- INPUT DATA -
☆ ☆ ☆ ☆
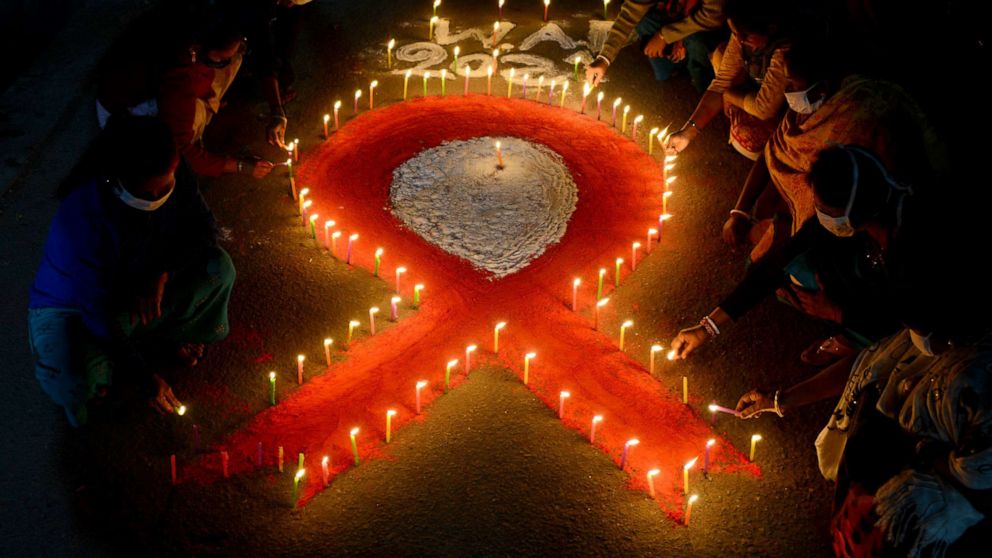 PHOTO: Volunteers and sex workers light candles forming the shape of a red ribbon during an awareness event on the eve of the 'World AIDS Day' in Siliguri, India,  Nov. 30, 2021. 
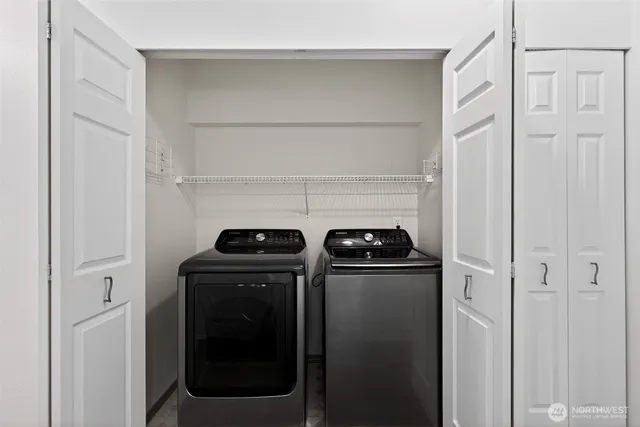 a view of a livingroom with an empty space and a fireplace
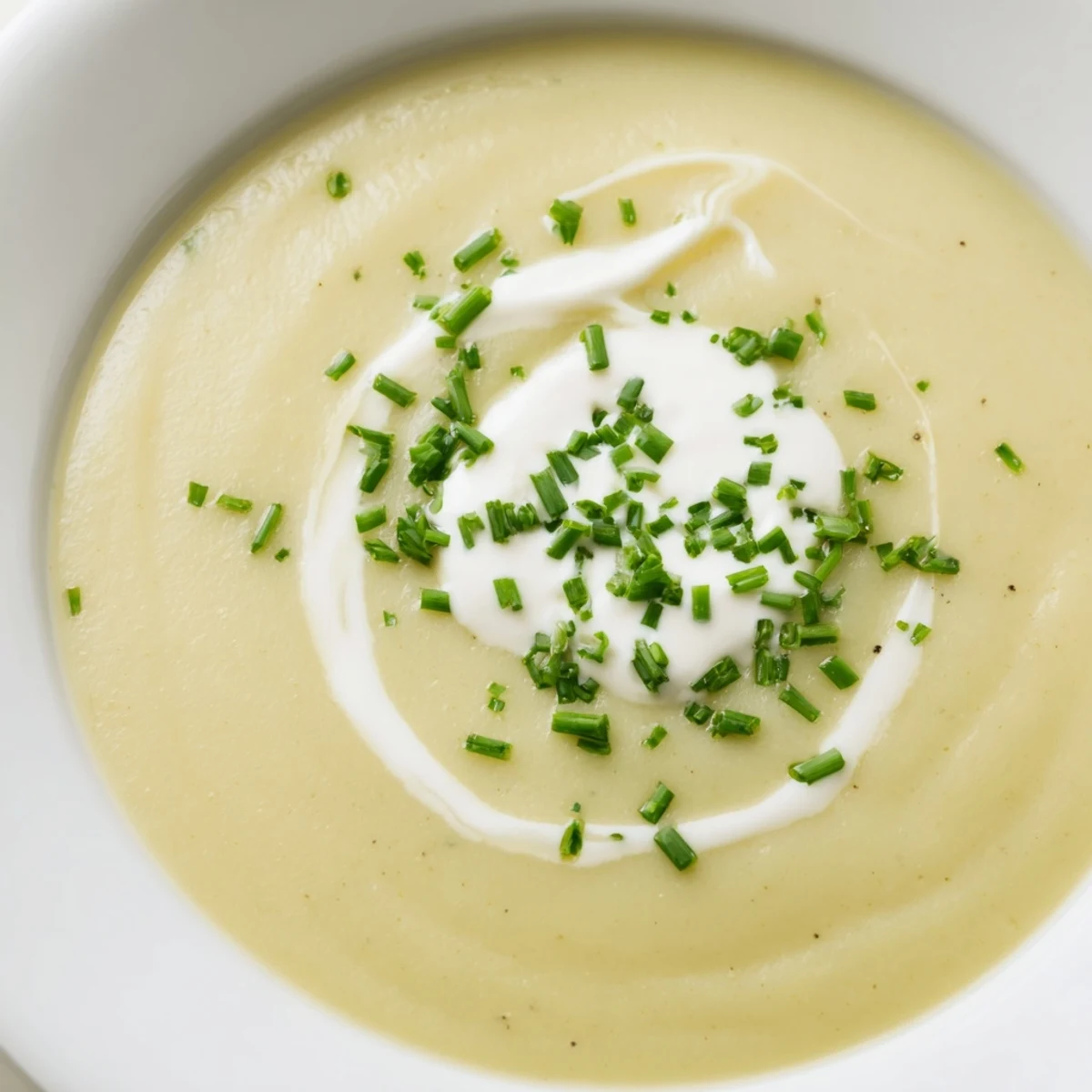 A spoon lifting creamy blended Potato Leek Soup with Chives from a white ceramic bowl, showing smooth, velvety texture.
☆ ☆ ☆ ☆
- PROBLEM REQUIREMENTS -
Please write every line above out exactly as given, except for any pictures.

- REPLY -
 PHOTO: Volunteers and sex workers light candles forming the shape of a red ribbon during an awareness event on the eve of the 'World AIDS Day' in Siliguri, India,  Nov. 30, 2021. 
 a view of a livingroom with an empty space and a fireplace
 A spoon lifting creamy blended Potato Leek Soup with Chives from a white ceramic bowl, showing smooth, velvety texture.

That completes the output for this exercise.